Task to carry out
What you write should be an exact repeat of the lines from the one with "Group of 3 Mattel" through the final line below, minus the pictures.

··· Data excerpt ···

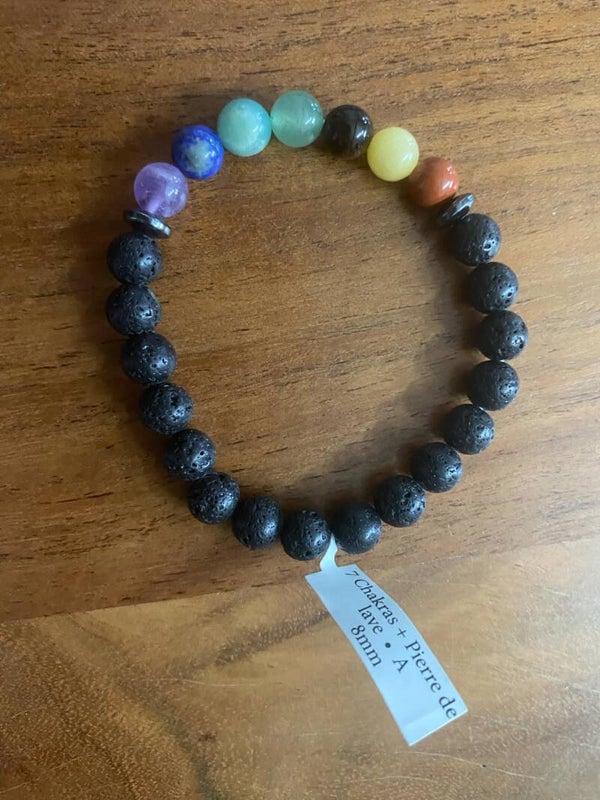 Bracelet pierre de lave + 7 chakras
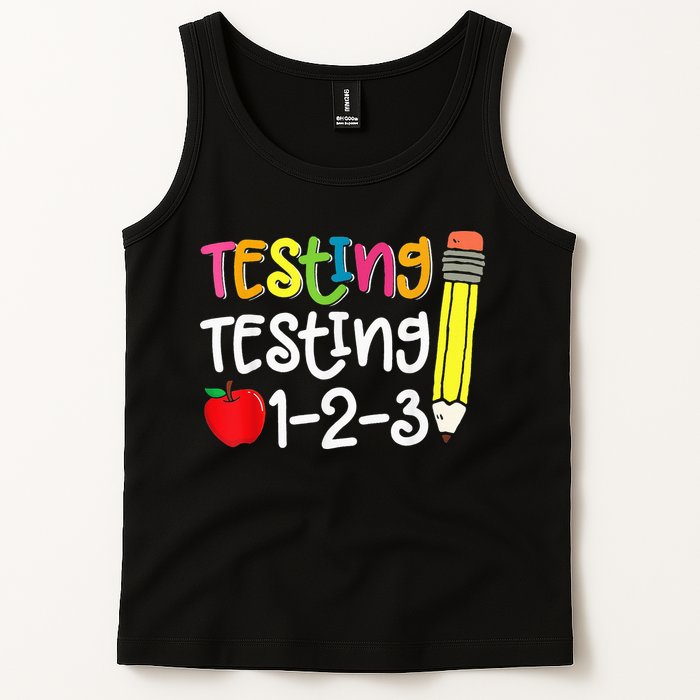 Testing Day For Teacher Testing Testing 123 Cute Test Day Tank Top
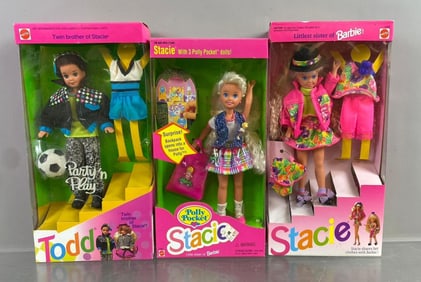 Group of 3 Mattel Stacie and Todd Barbie Fashion Dolls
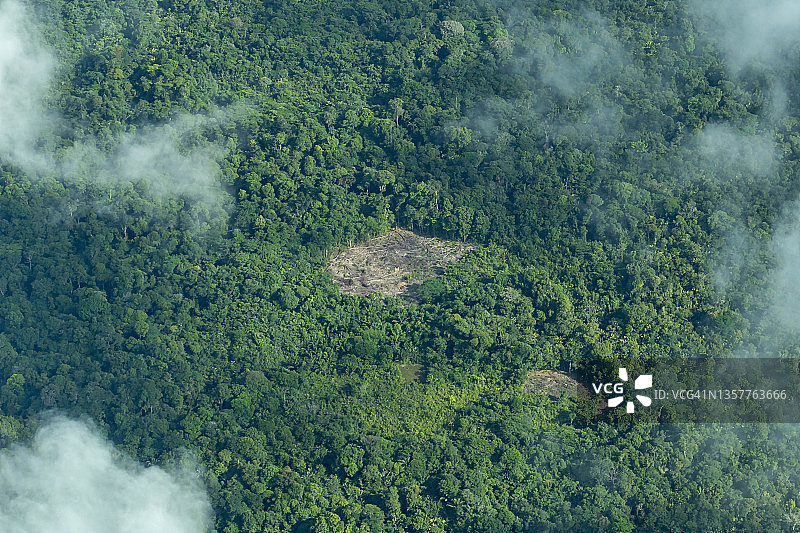 亚马逊雨林中被砍伐森林地区的鸟瞰图。图片素材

···

Reply
 Group of 3 Mattel Stacie and Todd Barbie Fashion Dolls
 亚马逊雨林中被砍伐森林地区的鸟瞰图。图片素材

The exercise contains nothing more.